The rapid expansion of monitoring data and advances in computational capacity have accelerated the adoption of data-driven modeling [
15,
16]. These models learn input-output mappings directly from empirical or simulated observations, enabling efficient prediction in strongly nonlinear regimes where explicit formulations are difficult to derive. While classical statistical formulations can be limited by linearity assumptions, machine-learning methods, such as Support Vector Machines (SVMs) [
17], Extreme Learning Machines (ELM) [
18], Random Forests (RF) [
19], demonstrate strong generalization capabilities for complex nonlinear data.
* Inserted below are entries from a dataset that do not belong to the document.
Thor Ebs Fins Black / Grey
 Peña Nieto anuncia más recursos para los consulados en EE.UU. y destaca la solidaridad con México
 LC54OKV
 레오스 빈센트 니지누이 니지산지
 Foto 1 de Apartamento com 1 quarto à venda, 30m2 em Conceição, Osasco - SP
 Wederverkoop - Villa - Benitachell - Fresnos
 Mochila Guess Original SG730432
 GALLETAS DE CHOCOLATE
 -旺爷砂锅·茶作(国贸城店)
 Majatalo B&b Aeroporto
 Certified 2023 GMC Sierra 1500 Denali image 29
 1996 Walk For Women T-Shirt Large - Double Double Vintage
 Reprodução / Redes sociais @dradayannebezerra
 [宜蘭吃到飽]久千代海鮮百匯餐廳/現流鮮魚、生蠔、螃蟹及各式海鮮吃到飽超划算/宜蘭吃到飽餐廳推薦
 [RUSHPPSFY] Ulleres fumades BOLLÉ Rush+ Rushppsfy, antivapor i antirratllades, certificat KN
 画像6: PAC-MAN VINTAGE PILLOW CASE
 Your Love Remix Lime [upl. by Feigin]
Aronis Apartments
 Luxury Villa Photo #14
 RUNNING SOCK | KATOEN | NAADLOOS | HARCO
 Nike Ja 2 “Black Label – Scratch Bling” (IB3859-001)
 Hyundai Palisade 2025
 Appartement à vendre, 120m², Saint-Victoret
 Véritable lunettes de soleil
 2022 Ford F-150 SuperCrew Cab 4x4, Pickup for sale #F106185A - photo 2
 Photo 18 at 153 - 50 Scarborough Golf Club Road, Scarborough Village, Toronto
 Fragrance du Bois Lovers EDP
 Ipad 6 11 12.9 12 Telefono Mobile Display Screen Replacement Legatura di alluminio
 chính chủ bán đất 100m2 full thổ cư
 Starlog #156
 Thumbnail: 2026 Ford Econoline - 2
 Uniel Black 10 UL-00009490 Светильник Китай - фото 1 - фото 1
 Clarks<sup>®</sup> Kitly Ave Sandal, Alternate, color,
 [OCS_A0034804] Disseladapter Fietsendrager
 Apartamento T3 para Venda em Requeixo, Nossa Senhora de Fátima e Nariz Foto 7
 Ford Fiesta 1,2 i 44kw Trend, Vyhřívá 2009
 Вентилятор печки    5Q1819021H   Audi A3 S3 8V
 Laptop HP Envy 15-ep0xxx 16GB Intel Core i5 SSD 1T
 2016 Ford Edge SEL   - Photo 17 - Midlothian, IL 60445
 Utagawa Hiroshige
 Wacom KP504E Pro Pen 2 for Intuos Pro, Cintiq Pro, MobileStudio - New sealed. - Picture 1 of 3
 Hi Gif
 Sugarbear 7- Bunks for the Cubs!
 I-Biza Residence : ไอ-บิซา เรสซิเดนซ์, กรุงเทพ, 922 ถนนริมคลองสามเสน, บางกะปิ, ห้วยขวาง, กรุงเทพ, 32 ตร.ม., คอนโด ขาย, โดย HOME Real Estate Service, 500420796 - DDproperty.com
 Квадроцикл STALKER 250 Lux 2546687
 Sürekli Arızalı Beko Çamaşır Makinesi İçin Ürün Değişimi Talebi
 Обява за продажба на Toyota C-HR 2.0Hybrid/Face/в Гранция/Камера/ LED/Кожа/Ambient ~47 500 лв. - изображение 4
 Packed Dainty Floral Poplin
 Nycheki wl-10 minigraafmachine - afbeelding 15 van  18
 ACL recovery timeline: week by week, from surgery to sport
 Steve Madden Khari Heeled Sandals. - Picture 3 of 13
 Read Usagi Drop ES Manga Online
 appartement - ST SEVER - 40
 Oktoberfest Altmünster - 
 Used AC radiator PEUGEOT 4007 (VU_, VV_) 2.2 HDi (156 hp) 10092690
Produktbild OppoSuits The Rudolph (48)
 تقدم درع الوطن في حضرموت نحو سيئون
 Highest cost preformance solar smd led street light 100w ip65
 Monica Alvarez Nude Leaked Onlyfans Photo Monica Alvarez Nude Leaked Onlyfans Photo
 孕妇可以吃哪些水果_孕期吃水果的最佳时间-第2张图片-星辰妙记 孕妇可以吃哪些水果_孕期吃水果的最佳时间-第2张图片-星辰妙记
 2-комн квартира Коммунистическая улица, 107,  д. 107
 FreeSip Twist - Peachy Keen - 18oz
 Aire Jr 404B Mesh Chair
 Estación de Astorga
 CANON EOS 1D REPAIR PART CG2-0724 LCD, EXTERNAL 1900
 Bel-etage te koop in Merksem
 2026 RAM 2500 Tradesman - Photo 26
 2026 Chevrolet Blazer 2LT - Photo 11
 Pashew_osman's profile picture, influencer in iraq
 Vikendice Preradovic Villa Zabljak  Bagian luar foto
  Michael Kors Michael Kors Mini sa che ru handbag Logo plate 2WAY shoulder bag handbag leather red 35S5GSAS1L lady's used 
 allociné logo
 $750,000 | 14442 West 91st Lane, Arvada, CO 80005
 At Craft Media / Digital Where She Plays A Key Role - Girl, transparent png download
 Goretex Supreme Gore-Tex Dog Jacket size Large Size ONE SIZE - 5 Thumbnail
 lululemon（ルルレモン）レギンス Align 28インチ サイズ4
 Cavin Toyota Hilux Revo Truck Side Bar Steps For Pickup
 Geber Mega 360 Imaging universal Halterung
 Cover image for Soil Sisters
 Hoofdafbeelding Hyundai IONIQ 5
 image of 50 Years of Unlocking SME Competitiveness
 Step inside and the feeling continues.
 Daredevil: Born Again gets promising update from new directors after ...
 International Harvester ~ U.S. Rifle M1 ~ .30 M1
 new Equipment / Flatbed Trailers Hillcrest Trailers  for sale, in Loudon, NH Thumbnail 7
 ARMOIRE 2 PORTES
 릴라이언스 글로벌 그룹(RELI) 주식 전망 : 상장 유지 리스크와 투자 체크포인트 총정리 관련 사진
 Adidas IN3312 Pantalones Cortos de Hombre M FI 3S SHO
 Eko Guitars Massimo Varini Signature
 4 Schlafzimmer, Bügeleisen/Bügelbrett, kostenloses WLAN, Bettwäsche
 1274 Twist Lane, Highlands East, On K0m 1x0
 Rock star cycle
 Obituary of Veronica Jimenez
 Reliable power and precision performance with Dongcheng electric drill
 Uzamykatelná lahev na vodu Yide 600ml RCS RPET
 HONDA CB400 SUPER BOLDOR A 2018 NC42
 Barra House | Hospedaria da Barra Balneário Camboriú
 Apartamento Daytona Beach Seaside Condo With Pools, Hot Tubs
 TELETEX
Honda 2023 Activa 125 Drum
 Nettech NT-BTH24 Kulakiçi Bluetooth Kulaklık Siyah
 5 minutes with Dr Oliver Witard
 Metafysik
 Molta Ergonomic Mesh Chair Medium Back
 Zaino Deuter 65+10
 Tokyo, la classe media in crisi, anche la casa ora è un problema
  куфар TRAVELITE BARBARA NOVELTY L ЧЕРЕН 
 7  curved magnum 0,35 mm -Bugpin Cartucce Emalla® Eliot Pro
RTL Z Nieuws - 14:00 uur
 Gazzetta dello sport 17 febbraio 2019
However, most traditional machine-learning methods rely heavily on manual feature engineering, which may fail to capture the high-dimensional and coupled spatiotemporal characteristics in hydraulic structural responses.
Recently, deep learning has emerged as a powerful paradigm capable of autonomously extracting hierarchical nonlinear representations from raw time-series data [
20]. Convolutional Neural Networks (CNNs) are particularly effective in capturing spatial correlations [
21], whereas Recurrent Neural Networks (RNNs), including Long Short-Term Memory (LSTM) and Gated Recurrent Units (GRU), are well suited for modeling long-range temporal dependencies in dynamic sequences [
22,
23]. Despite their strengths, single deep learning architectures often struggle to simultaneously exploit complex spatial interactions and temporal dependencies under hydraulic loading conditions. Hybrid deep learning models that integrate complementary architectures have gained increasing attention [
24,
25,
26]. Models such as CNN-GRU and CNN-LSTM can extract spatial features and model temporal sequences, which helps improve prediction stability [
27]. Among these methods, the CNN-BiLSTM model achieves higher prediction accuracy using bidirectional temporal information and multi-scale spatial features, and performs better than single LSTM, BiLSTM, and CNN-LSTM models [
22,
23,
28]. Given the increasing structural complexity of hydraulic infrastructure and the strongly coupled vibration responses induced by flood discharge, there is a growing demand for advanced hybrid models capable of accurately capturing spatiotemporal dynamics in hydraulic engineering.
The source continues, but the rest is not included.